Introduction
There has been a raging debate as to whether the US should declare China a currency manipulator. The debate has resulted from Beijing’s behavior in international trade that seeks to dominate the international market. China intentionally maintains its exchange rate lower than that of the United States to make its products cheaper than products of the US (Brown par2). This gives them an unfair trade advantage.

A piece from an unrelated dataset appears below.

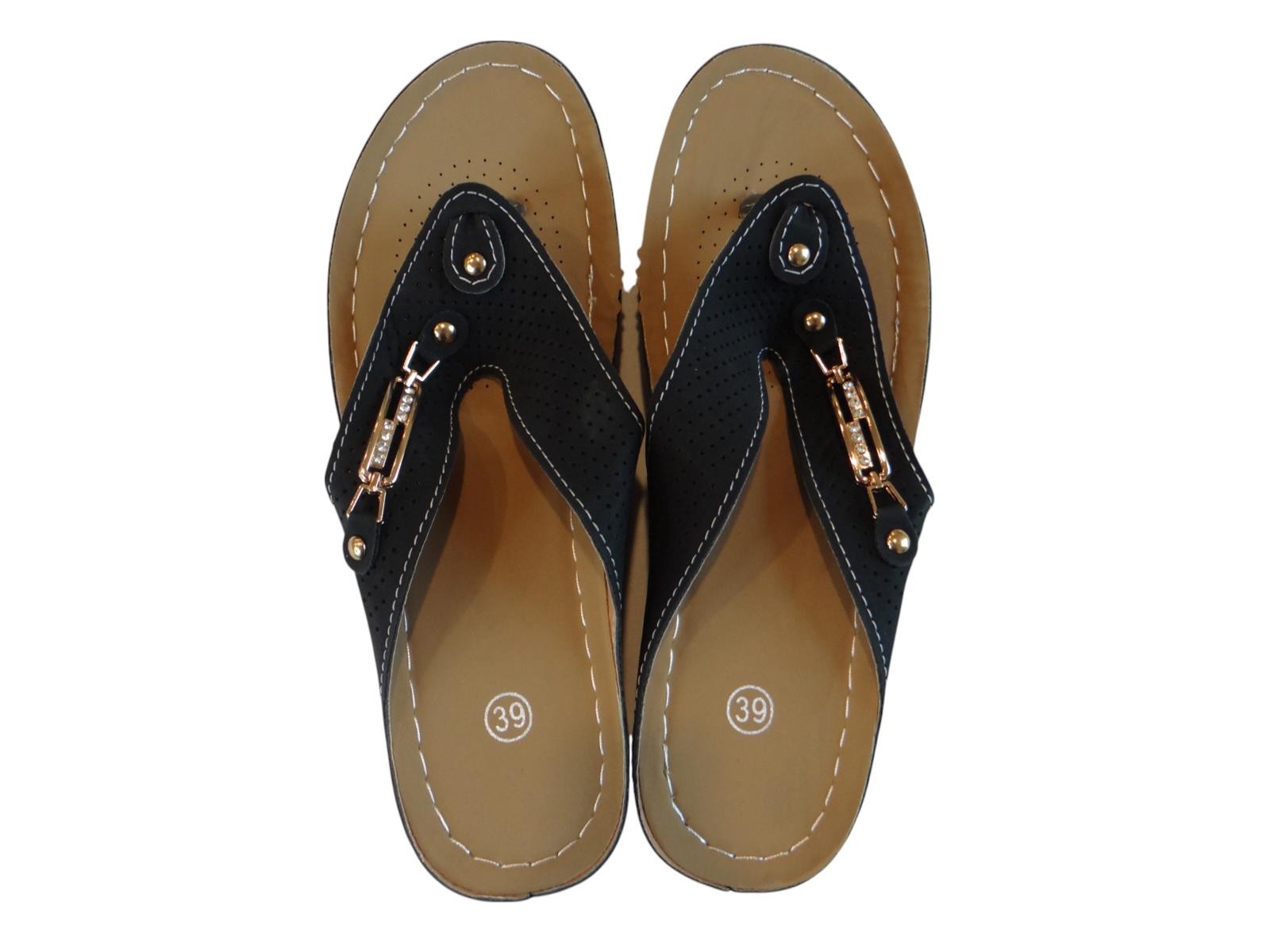 Stylish Women's Black Flip-Flop Sandals with Decorative Buckle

The debate involves two sides: opponents and proponents. Opponents claim that declaring China a currency manipulator will harm relations between the two countries and create a trade war (Klein par3). On the other hand, proponents claim that China should be declared a currency manipulator because it gains trade advantage over other countries using dubious means (Brown par3). The US should declare China a currency manipulator because it uses illegal, unethical, and unfair means to gain trade advantage over other countries.
Supporting arguments
First, China should be declared a currency manipulator because it uses unethical means to gain trade advantage (Lazear par4). Laws of the United States give power to the Treasury Department to identify countries that use dubious means to manipulate their currencies in order to gain trade advantage.
The Chinese currency is cheaper compared to the American currency. This gives China trade advantage over the US. It intentionally keeps its currency value lower than that of the US dollar (Klein par5). This is unethical because the value of a country’s currency should be dictated by trade activities on the international market (Lazear par4). A low exchange rate enables China to produce goods cheaply and sell them at a higher price against the American dollar that is more expensive.
American companies cannot compete with Chinese companies fairly because their exchange rates vary significantly (Lazear par5). As such, costs of production are higher in America. China has dominated American merchandise markets with cheap goods that make it difficult for American companies to sell their products. Entry into American markets has been described as a strategy to keep exchange rate low and block its currency from rising to a market-determined value (Lazear par7).
Secondly, China should be declared a currency manipulator because its low exchange rate has adverse effects on economy of the United States (Roach par3). Legislative action is necessary on China because America’s trade deficit is enlarging mainly due to economic pressure exerted on jobs and national income.
Currency manipulation has led to loss of market share by the United States (Lazear par5). This has affected companies, workers, and reduced availability of jobs. Research has shown that trade deficit has averaged at a value of 4.4 percent of the total GDP, a figure that has not changed for the last eight years (Roach par5). China is responsible for increase in trade deficit. It presents a serious economic threat to the US because it does not facilitate a level playing ground for trade on the international market.
Thirdly, China manipulation of their exchange rate is a threat to the global economy (Roach par6). It is therefore in the interest of the world to adjust its rate to a fair market value. Global trade imbalance between countries is a threat to stability and sustenance of global economy. Many economists have argued that China’s saving glut is a major source of global economic instability.
Counter argument
Opponents argue that China should not be declared currency manipulator because such a decision will cause trade wars and strain the relationship between the two countries. They argue that China’s actions are not to blame for US’s widening trade deficit (Wu par4). The main cause of the trade deficit is a shortfall of net national saving rate. The rate has deteriorated since 2008 and has not shown any signs of improvement.
They also refute claims that China manipulates their exchange rate because their currency has risen by 31.4 percent since 2005 (Lazear par8). This increase is more than is required by the Schumer-Graham bill. China is cautious because a sharp increase in the value of its currency might have adverse effects on its economy (Lazear par9). Furthermore, it has shown willingness to bring its currency to fair market values gradually.
Conclusion
The debate on whether the US should declare China a currency manipulator has been ongoing for a long time. China has been accused of manipulating its exchange rate in order to gain trade advantage. Currency manipulation is a threat to the economy of the United States and the global economy because it leads to loss of jobs and poor performance of companies.
It has led to loss of a significant market share by the US. Opponents claim that China is not the cause of the widening trade deficit but a declining national saving culture. They also argue that China has shown willingness to adjust its currency value because its value has increased by 31.5 percent since 2005. Currency manipulation is a threat to global economy and the economy of the US. Therefore, China should be declared a currency manipulator by the United States.
Works Cited
Brown, S. Currency Manipulation Gives Chinese an Unfair Advantage. 2012. Web.
Klein, E. Five Facts You Need to Know About China’s Currency Manipulation. 2012. Web.
Lazear, E. Chinese Currency Manipulation is Not the Problem. 2013. Web.
Roach, S. China’s Currency Manipulation: A Policy Debate. 2012. Web.
Wu, M. China’s Currency is not Our Problem. 2011. Web.